(EXERCISE INSTRUCTIONS): Among the records below, find the line with "Locale commerciale libero" and the line with "vintage uncirculated Hai". Set down both and every line between, exactly and with no pictures, but nothing else.

(RECORDS PROVIDED):
++++
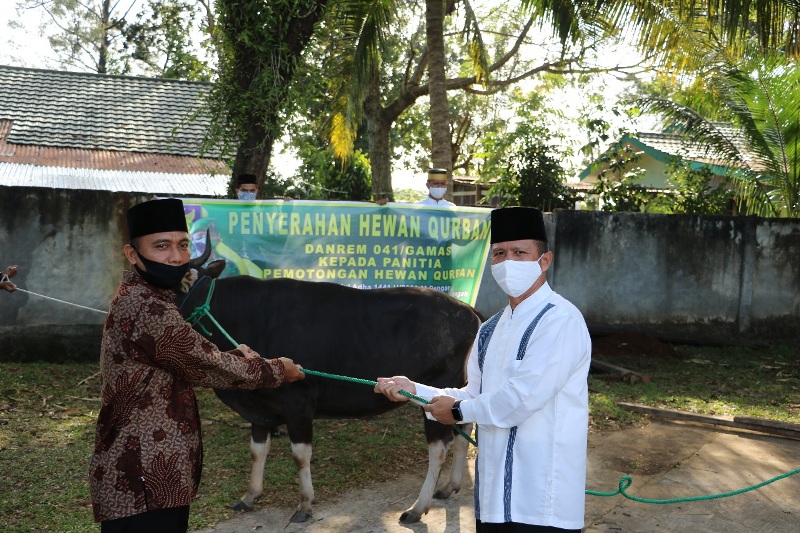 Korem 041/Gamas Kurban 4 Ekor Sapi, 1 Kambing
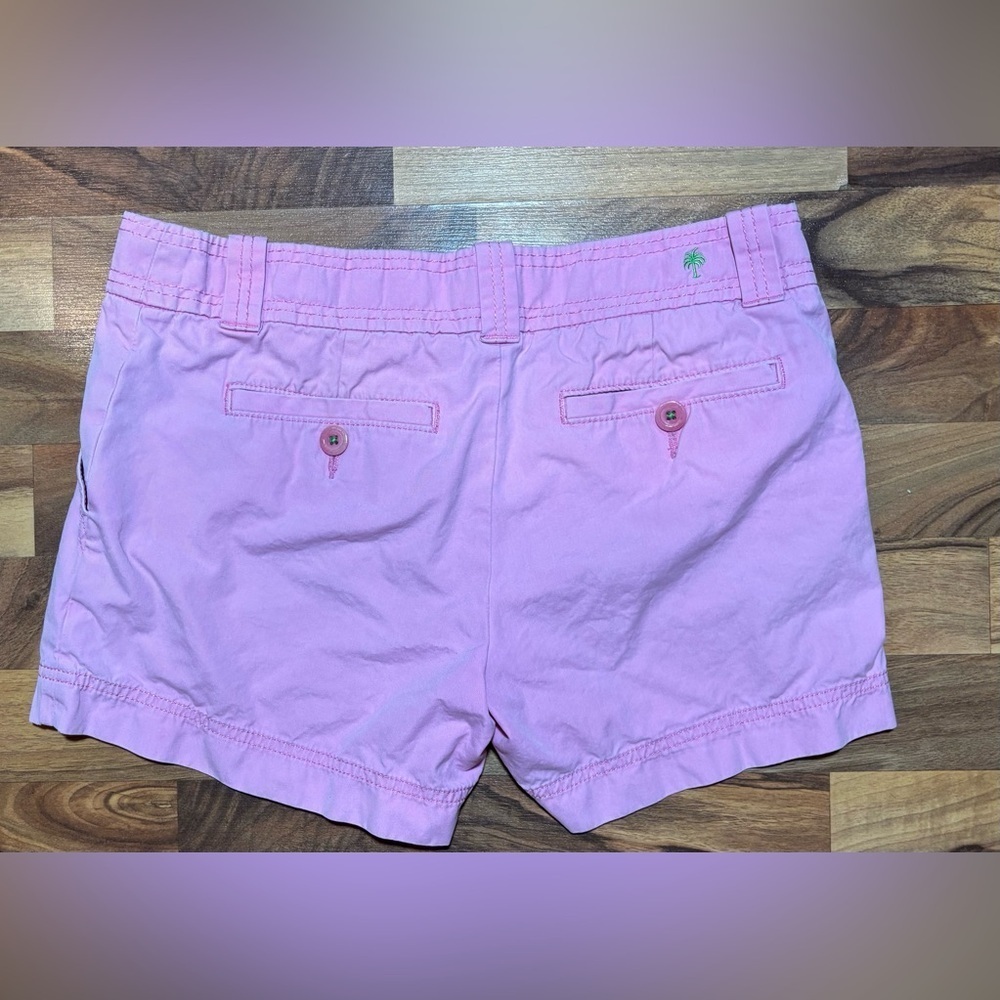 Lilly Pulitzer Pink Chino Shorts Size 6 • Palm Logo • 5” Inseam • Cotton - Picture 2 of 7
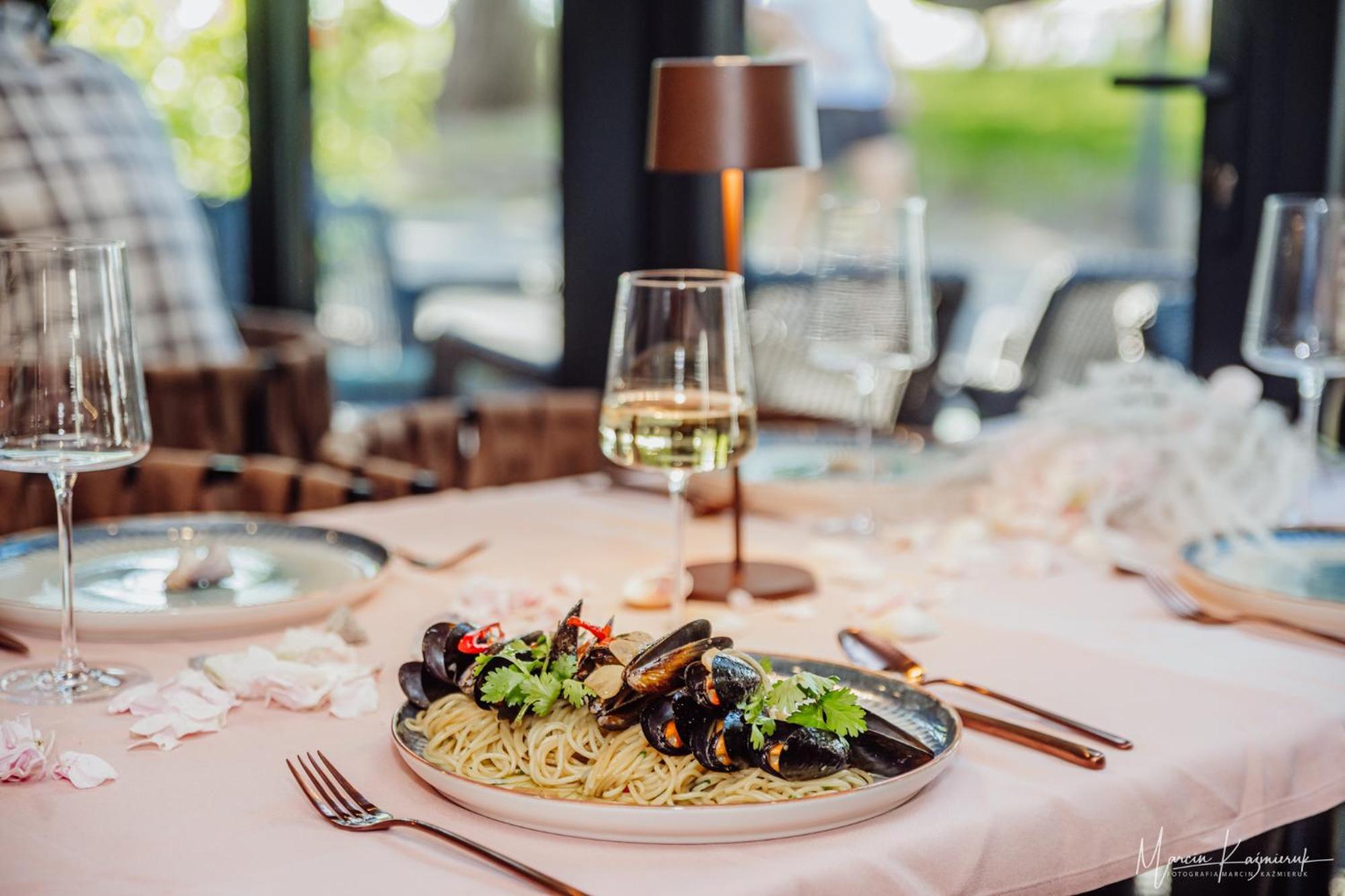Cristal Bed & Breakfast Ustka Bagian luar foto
++++
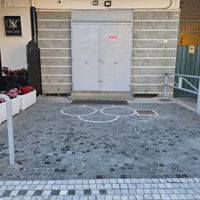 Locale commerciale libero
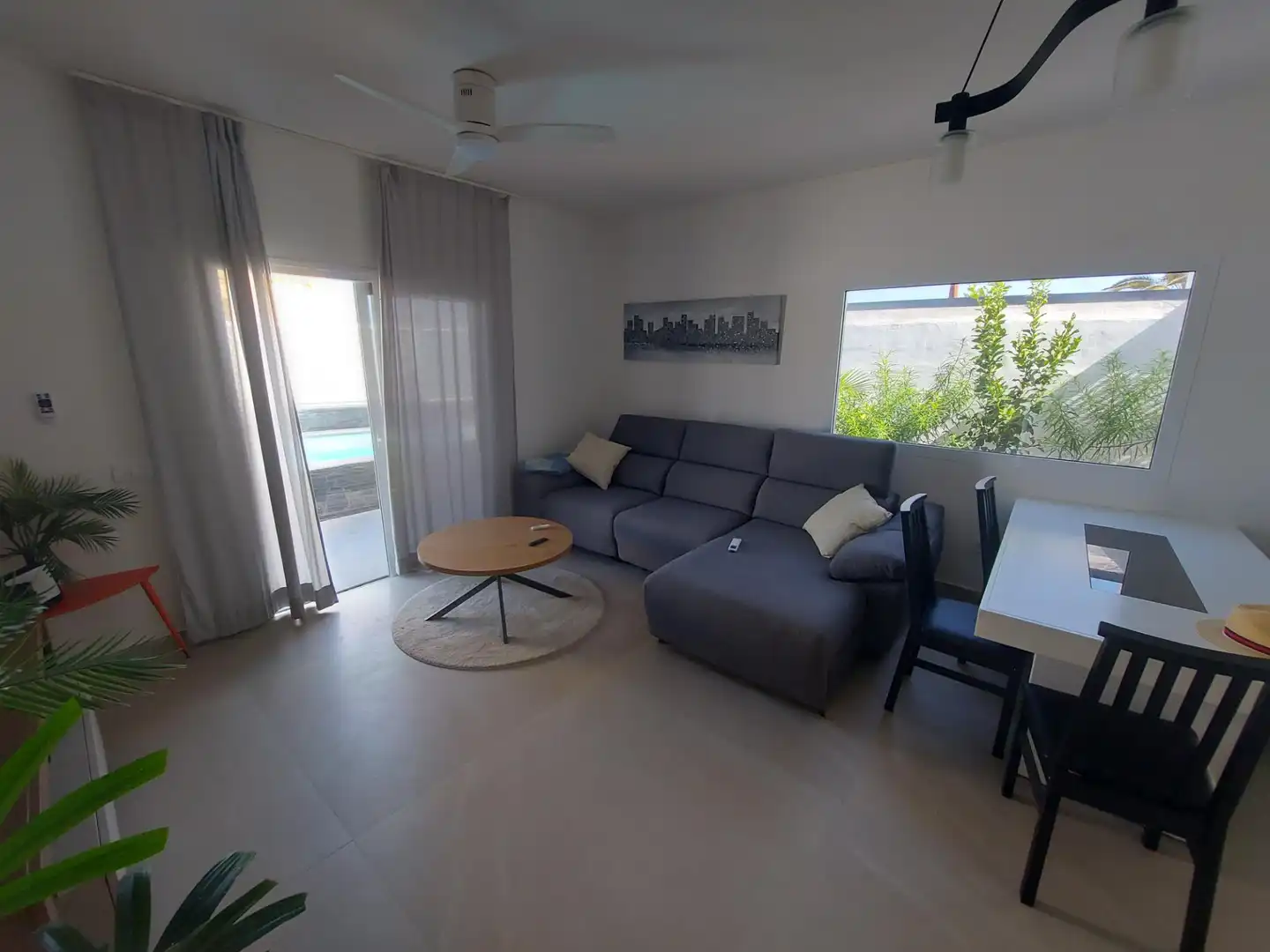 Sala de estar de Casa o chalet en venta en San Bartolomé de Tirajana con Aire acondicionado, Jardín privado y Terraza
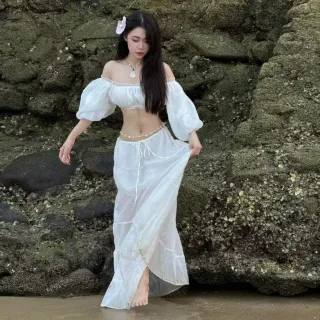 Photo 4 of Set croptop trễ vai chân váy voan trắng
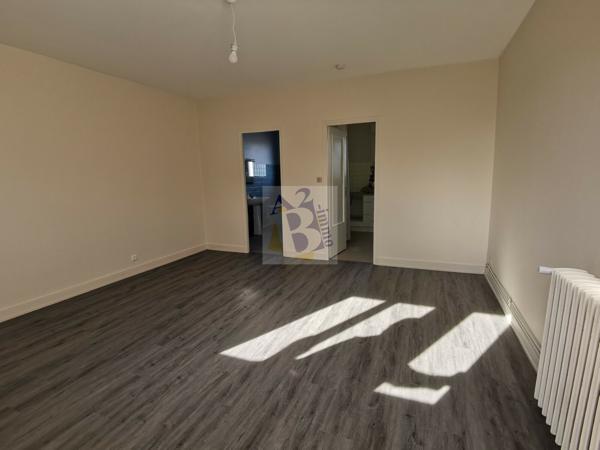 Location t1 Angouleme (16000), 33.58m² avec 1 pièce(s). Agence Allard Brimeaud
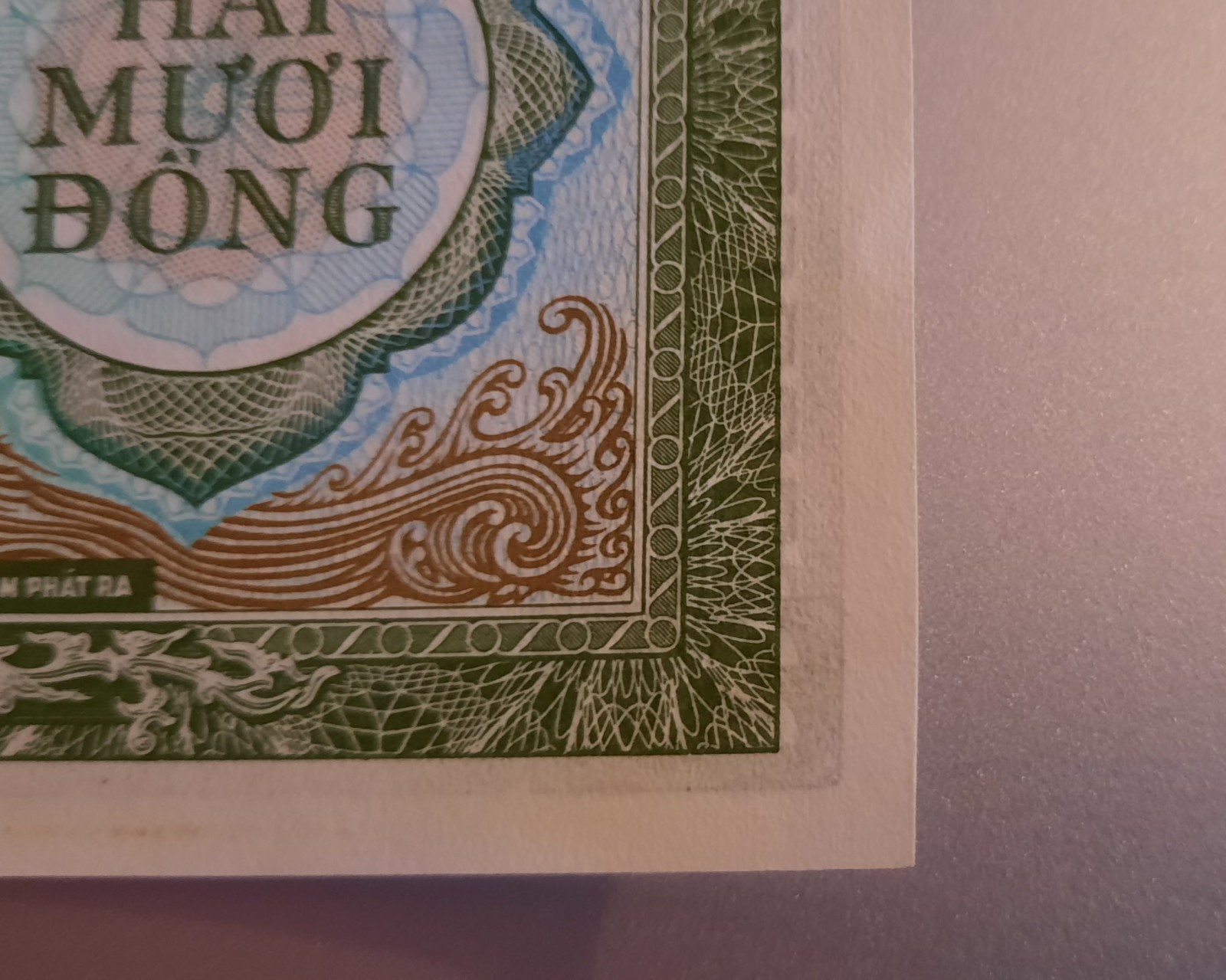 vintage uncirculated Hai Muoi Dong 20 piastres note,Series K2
++++
(TASK SOLUTION):
 Locale commerciale libero
 Sala de estar de Casa o chalet en venta en San Bartolomé de Tirajana con Aire acondicionado, Jardín privado y Terraza
 Photo 4 of Set croptop trễ vai chân váy voan trắng
 Location t1 Angouleme (16000), 33.58m² avec 1 pièce(s). Agence Allard Brimeaud
 vintage uncirculated Hai Muoi Dong 20 piastres note,Series K2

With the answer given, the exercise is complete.